Later in a Commack diner, I watched them all scarf down cheezburgrs, fries, and malteds like some kind of beautifully disastrous, sunburned, windblown version of “90210.”  And I felt kind of young again, which I suppose is the point.

A good time was had by all.

Tips:
1) Bring a small bag with a beach towel, toiletry kit and clean t-shirt. Find a spot to wash up and maybe change mid-day. Reapply sunblock, too.
2) Bring cash.
3) Do not get sloppy – it’s dangerous if you are walking on boardwalks near boats, pools, and snaggly sea grass. Plus, the staff at pretty much everywhere will hate you. Note that there are children present, especially in Cherry Grove. Edit your speech when you see them.
4) Be polite. Most people are, but a drunk twink can be nasty.  Shut them down by walking away and ignoring them.
5) Comfy shoes, easily removed.
6) Tip well and you will be rewarded.
7) Don’t confuse friendliness with flirting and you will have a much better time.  Random friendly chitchat can be one of life’s pleasures.

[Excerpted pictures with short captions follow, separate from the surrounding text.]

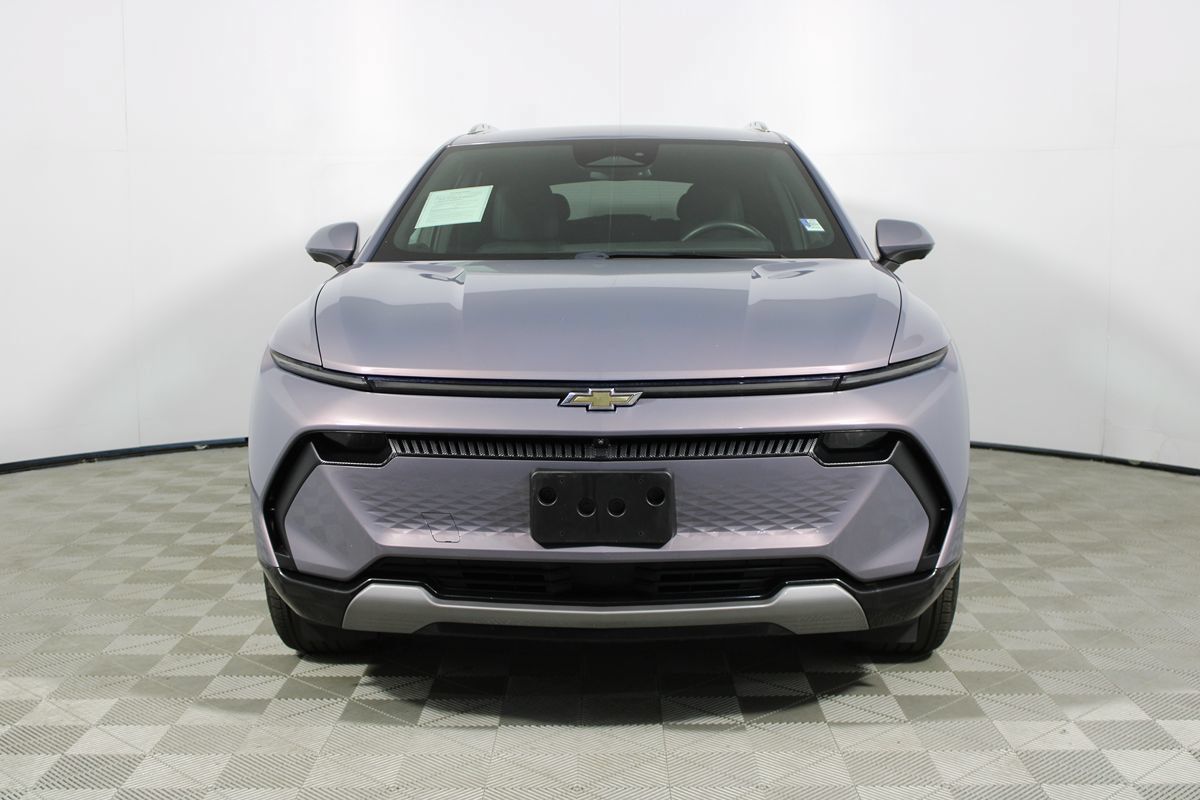 Used 2024 Chevrolet Equinox EV LT w/ LPO, All-Weather Mat Package FWD image 2
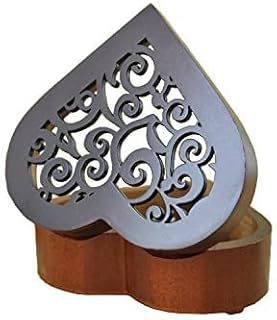 Mayaka786 boîte à musique en forme de cœur avec inscription conçue par bollywood. Chez DIAYTAR COTE D'IVOIRE, nous proposons une large gamme de produits pour répondre à tous vos besoins. Notre équipe travaille sans relâche pour vous apporter les dernières tendances et les produits de haute qualité. Nous sommes déterminés à vous offrir le meilleur service client possible.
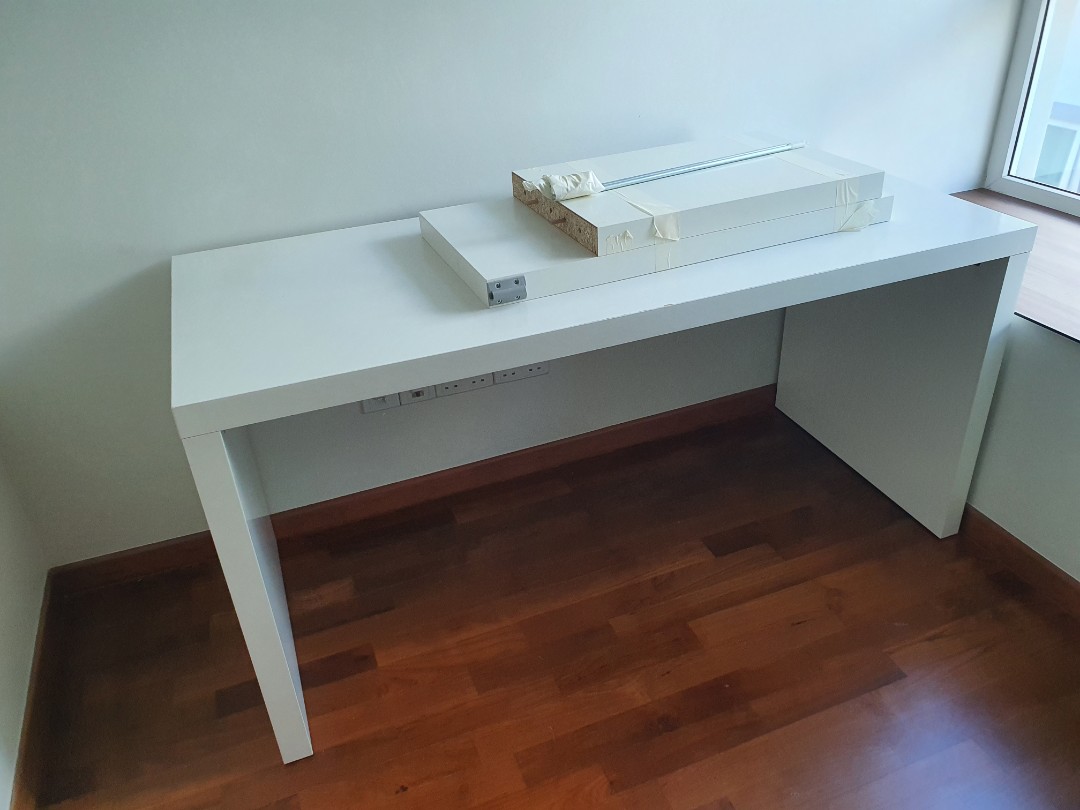 Ikea malm online desk white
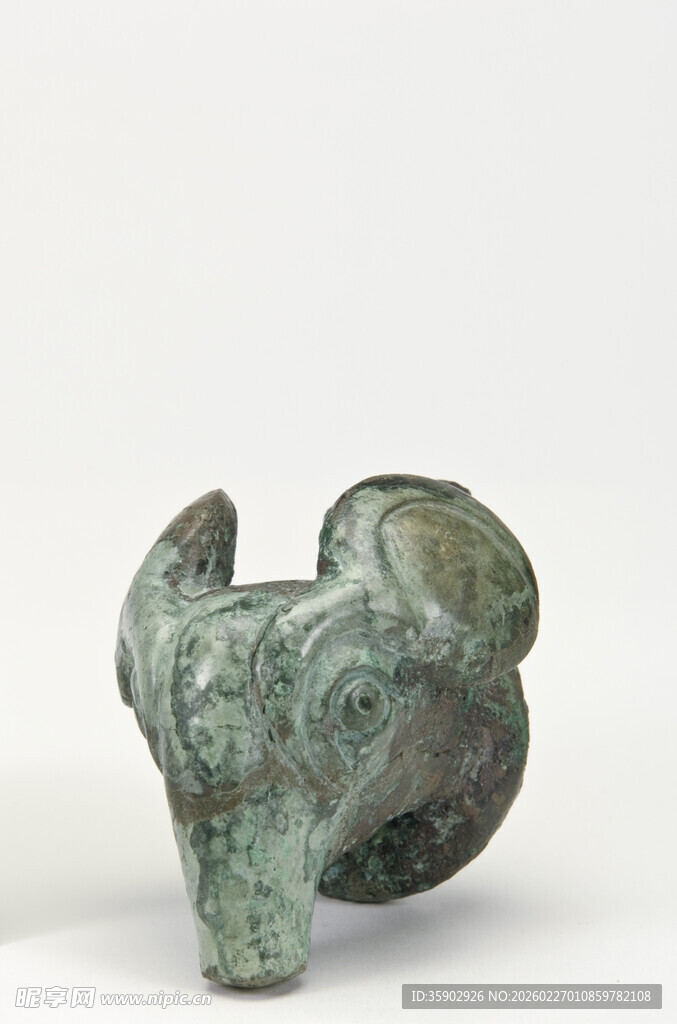 青铜兽首造型文物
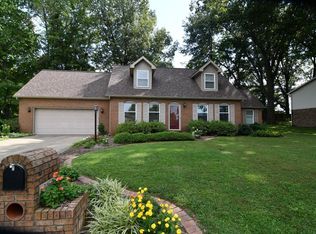 7447 Ridgeway Ave, Evansville, IN 47715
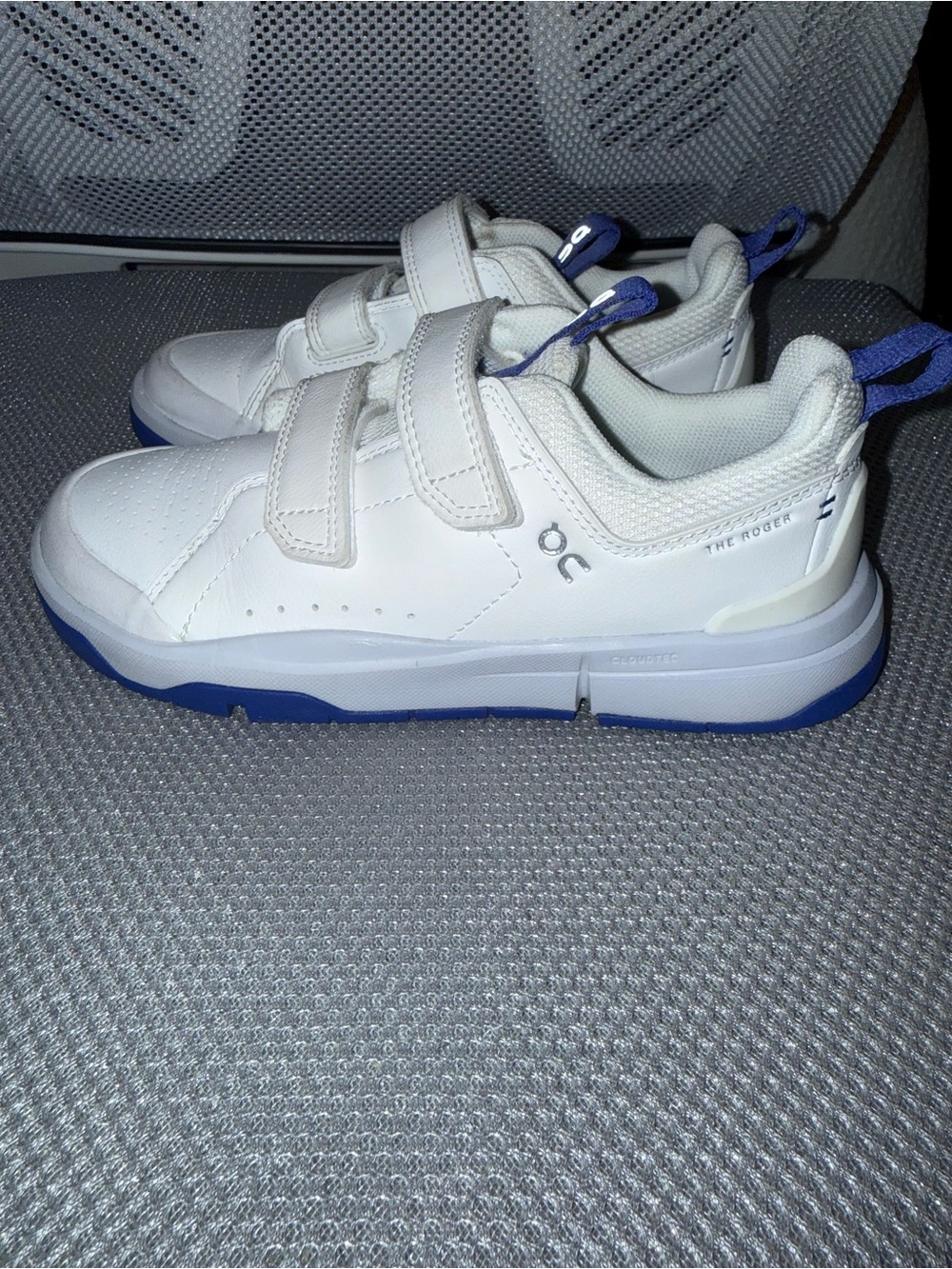 ON The Roger Kids White and Blue Velcro Sneakers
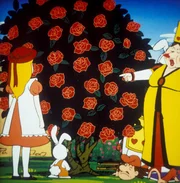 Die Herzkönigin freut sich über die wunderschönen roten Rosen. Sie weiß nicht – wie man ihrer Nase ansieht – dass diese nur rot angemalt sind. Die Herzkönigin freut sich über die wunderschönen roten Rosen. Sie weiß nicht – wie man ihrer Nase ansieht – dass diese nur rot angemalt sind.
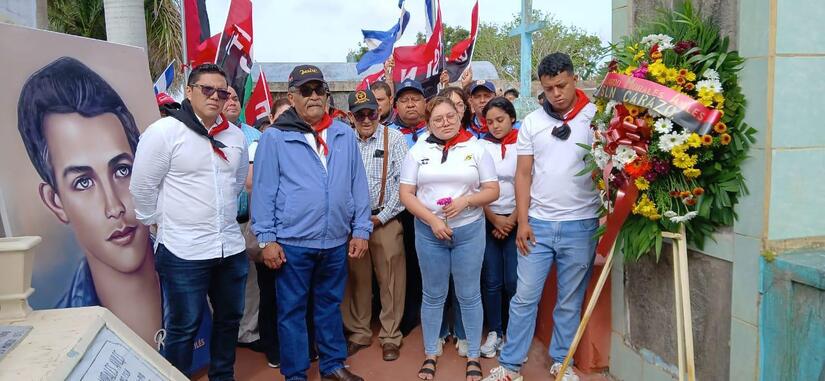 Homenaje al Comandante, Ricardo Morales Avilés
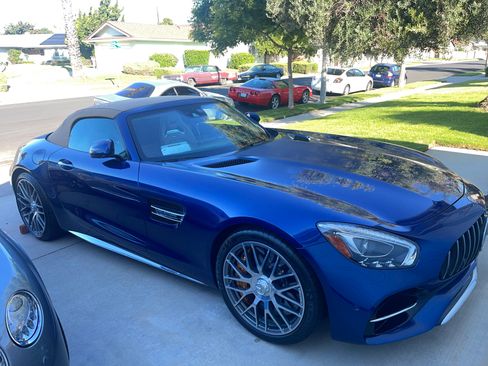 Used 2019 Mercedes-Benz AMG GT C image 2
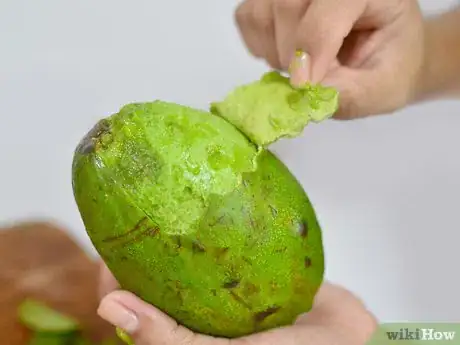 Image intitulée Peel an Avocado Step 12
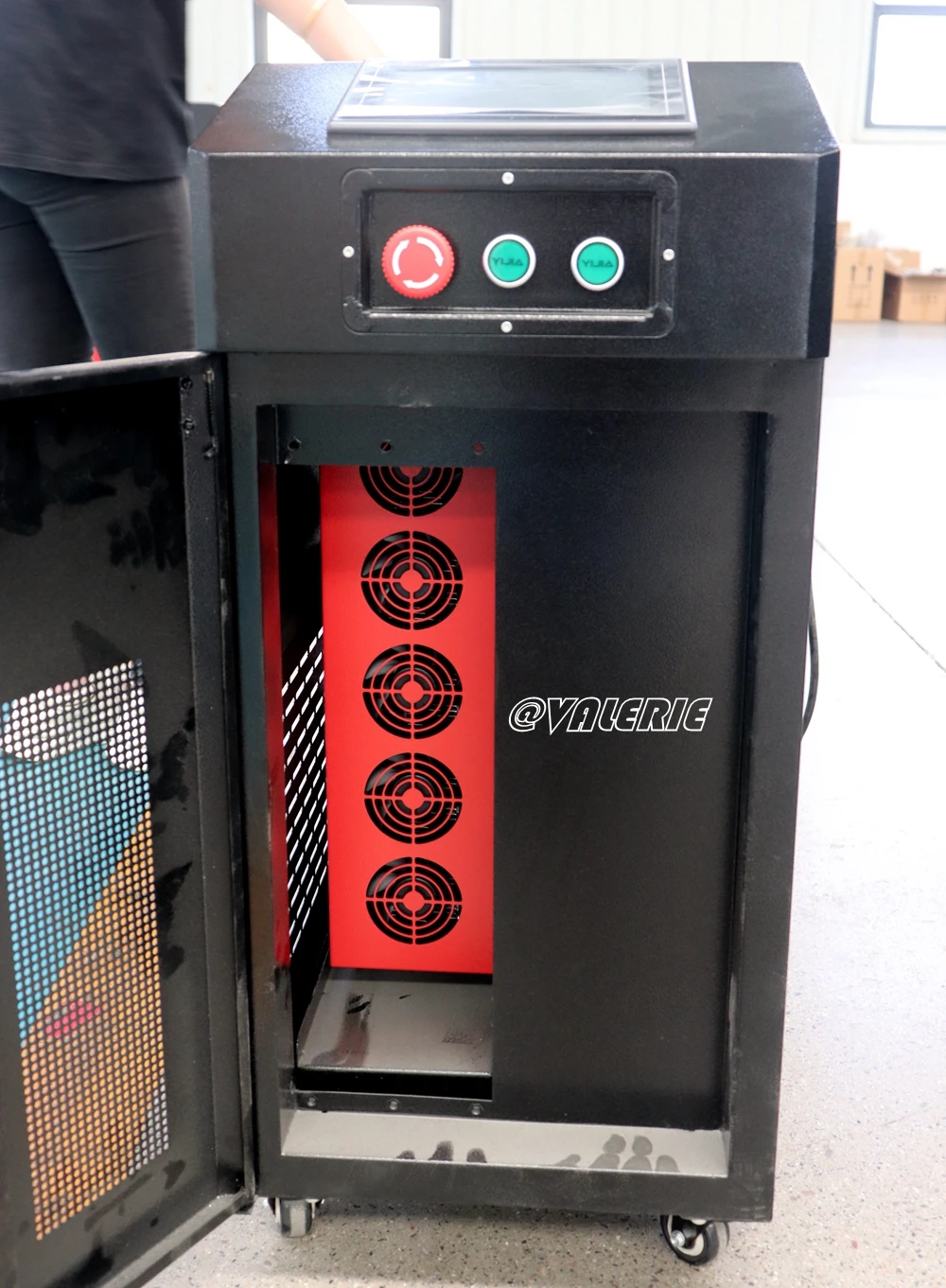 300W pulse laser cleaning machine for aluminum parts automobile oil rust remove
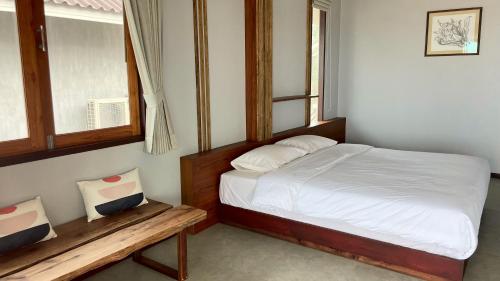 Postel nebo postele na pokoji v ubytování Laemsui Beach แหลมซุย บีช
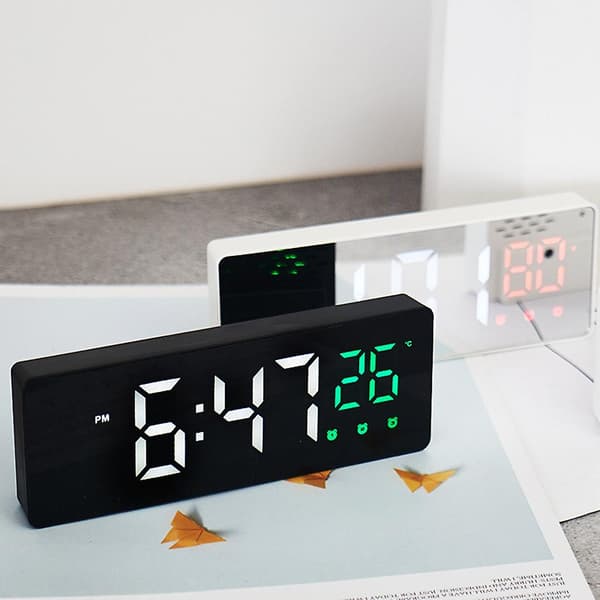 Elektronisk Tyst Väckarklocka LED Smart Skrivbordsväckarklocka Digital Timer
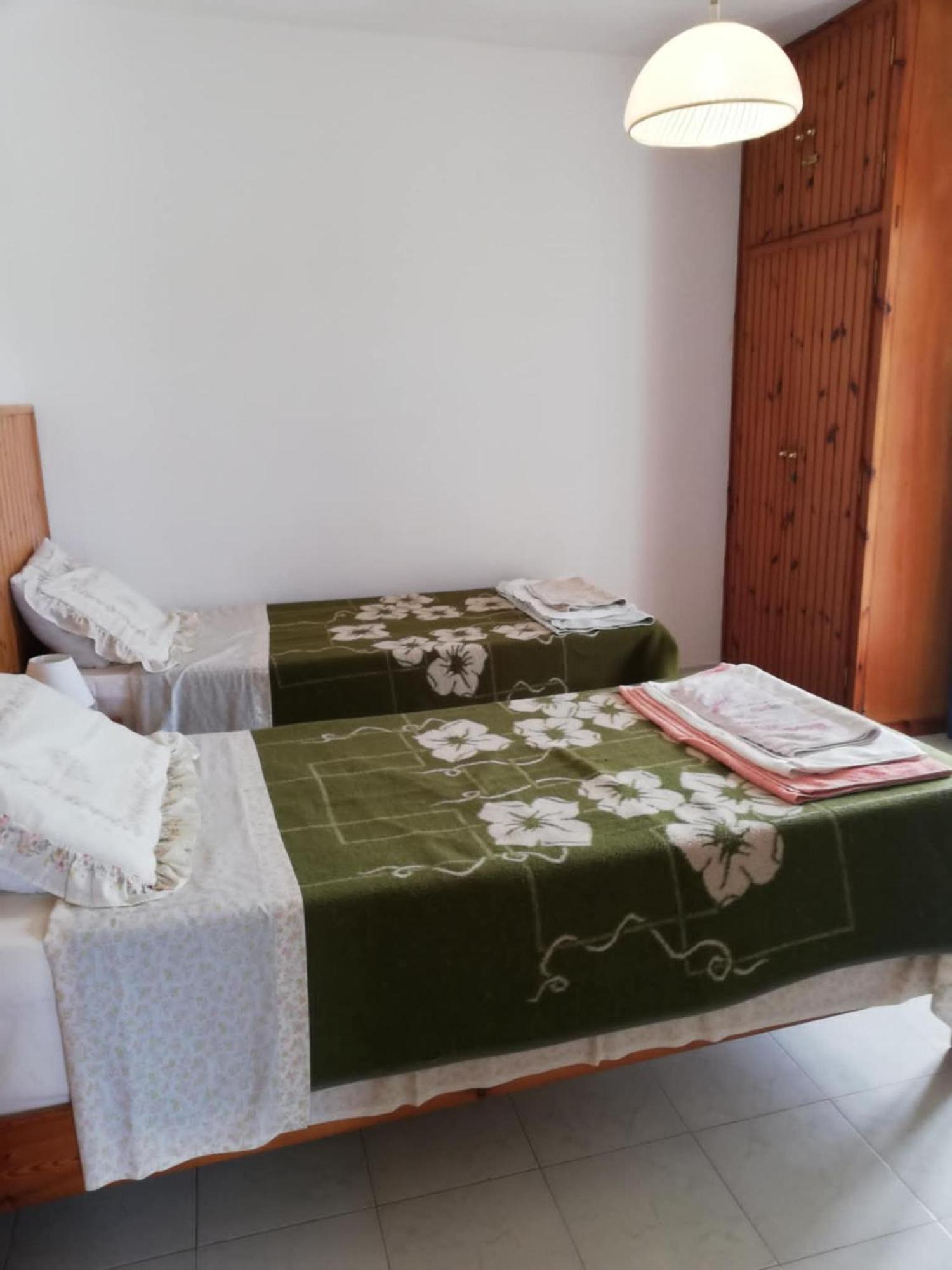 Lakis Apartments Akharávi Eksteriør bilde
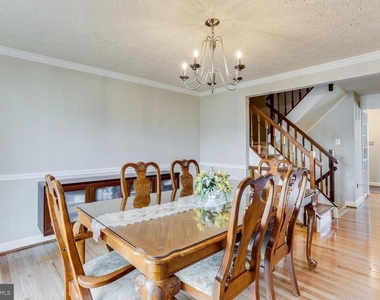 815 Curry Ford Lane - Photo Thumbnail 6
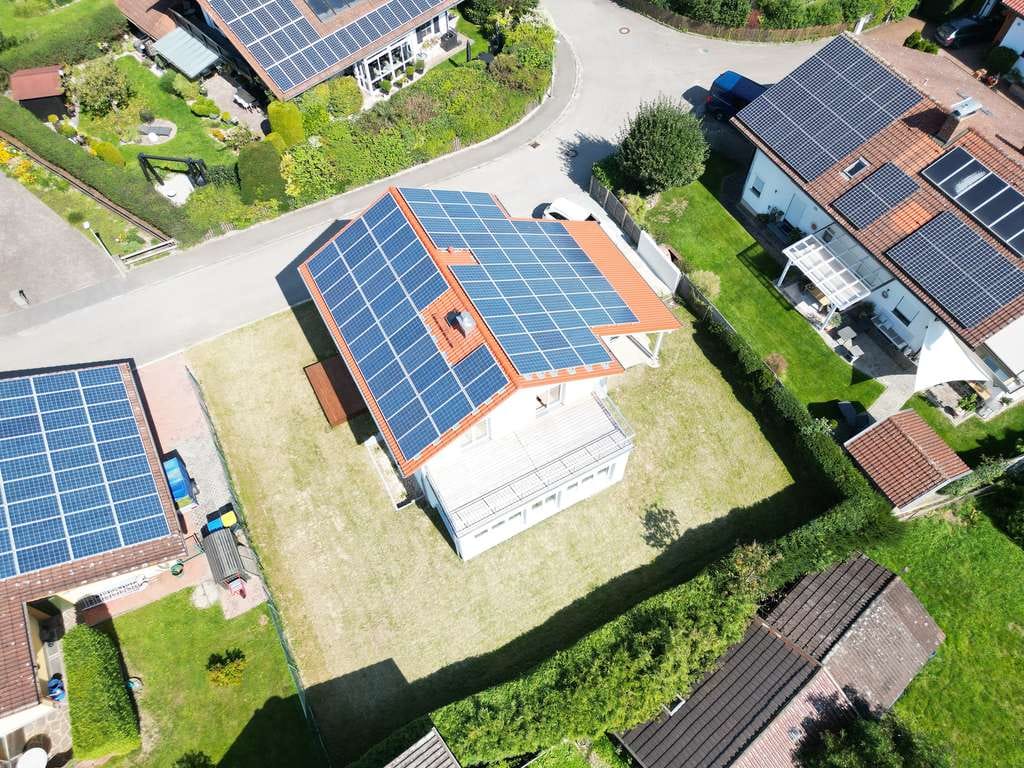 Immobilie in Postmünster - KHALIL WAKED IMMOBILIEN! Modernes ZFH sucht neue Eigentümer. - Bild 1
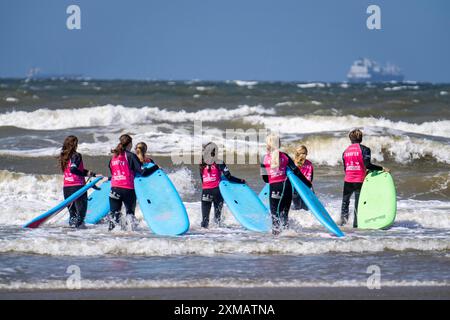 Corso per surfisti, principianti del surf, sulla spiaggia di Scheveningen, Paesi Bassi Foto Stock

8) If you are a dude, be nice to the ladies. I did not see one single woman behaving like an ass.  There were a few guys who did. Not cool. And if you have a lady with you and someone touches her boob to see if it is real, he should be thrown out of where ever you are.  Immediately, and by the Manager, not you.  8. a) There be straighties here, lots of them.  Show some respect – the same respect YOU want when they outnumber YOU.
9) Arrive early for the ferry and buy your ticket in advance.
10) No DUIs, plz. Taxis are abundant.